Oncological diseases in domestic animals are found every year more often. This is facilitated by the adverse environmental situation in most domestic cities, as well as the development of diagnostic techniques. Often lymphosarcoma is detected in cats.
This is the type of cancer that is often diagnosed in cats. More precisely, it is an oncology that affects lymphocytes and the entire lymphoid tissue of the body. It is assumed that the feline leukemia virus often contributes to the development of pathology. Immunodeficiency Virus (FIV) cats are also at high risk. Animals of any age, gender and breed get sick. Young cats are more likely to suffer from lymphosarcoma if they are infected with the feline leukemia virus. In older cats, the causes of the disease may be different (ecology, autoimmune diseases).
Lymphosarcoma is divided into several forms, and this depends on its place of "growth." In some cats, tumors appear in many places, and therefore they do not belong to any one type. As a rule, this applies to animals with a severely advanced form of the disease.
Gastrointestinal tract. The most common form of the disease implies precisely its defeat. Tumors affect the stomach, intestines and liver, as well as some of the lymph nodes surrounding the intestines (mesenteric). Cats with this type of lymphosarcoma often experience vomiting, diarrhea, weight loss, and a sharp decrease in appetite.
Mediastinal lymphosarcoma. In this case, the pulmonary and bronchial lymph nodes are affected. Symptoms indicate pulmonary or heart failure: shortness of breath, shortness of breath, swelling is possible. The mucous membranes of the body turn blue, in severe cases, pulmonary edema develops.
Renal lymphosarcoma. Often, a generalized form of oncology begins with the kidneys. From there, metastases spread throughout the body. Cats with this form of lymphosarcoma are detected by signs of renal failure (polyuria, polydipsia, loss of appetite, vomiting, jaundice).
Bone marrow damage. In many cases, this form of lymphosarcoma is mistaken for leukemia. In this case, the disease is detected by determining a sharp decrease in the volume of all blood cells. Anemia, persistent infections, and bleeding are common problems in animals with this type of cancer.
External lymph nodes. Often the presence of lymphosarcoma is detected only by signs of their defeat. Symptoms of lymphosarcoma in cats in this case can be very diverse: vomiting, loss of appetite, apathy. But still, the main symptom is sharply enlarged lymph nodes.
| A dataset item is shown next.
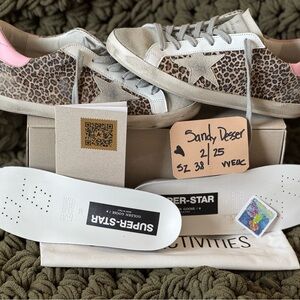 Golden Goose Leopard Print Sneakers. VVEUC SZ 38.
In rare cases, it is possible bone lymphosarcoma in a cat, or the defeat of some other internal organs.
A biopsy is extremely important in making a diagnosis. In some cases, you have to take samples from several lymph nodes at once. The simplicity with which a diagnosis can be made depends on the location of the tumor.
Important! Enlarged lymph nodes in 99% of cases do not indicate cancer, but the presence of infection in the body.
Therefore, veterinarians always take blood and urine tests, and if necessary, carry out x-ray and ultrasound examinations. Ultrasound of the abdominal cavity (sonogram) will allow you to assess the condition of the liver, spleen, internal lymph nodes and intestines.
An x-ray of the chest allows you to find out if the pulmonary lymph nodes are involved in the process. A bone marrow aspirate is very important: it makes it possible to identify tumor cells, as well as assess the organ's ability to reproduce normal blood components. When the veterinarian receives the results of all studies, he will be able to prescribe the most appropriate treatment for lymphosarcoma in cats.
Chemotherapy is the main therapeutic method. In addition to it, surgery and radiation treatment are usually used. But here it all depends on the specific case: the size and location of the tumor, the age and condition of the animal, etc.
Lymphosarcoma is very sensitive to chemotherapy, and more than 60% of treated cats recover. Unfortunately, a certain amount of cancer cells can still remain in the body of the animal. In this case, it is customary to talk about long-term remission, and not about a complete cure. And therefore, when receiving the first positive results of treatment, chemotherapy is by no means stopped. The duration of remission depends on many factors, including the primary focus, as well as the condition of the animal at the time of treatment. Usually it is at least 6-8 months.
As a rule, the duration of treatment is at least four to six months. The main drugs (L-asparaginase, vincristine, methotrexate) are alternated to reduce the likelihood of metastases. As a rule, prednisolone is also included in the treatment regimen.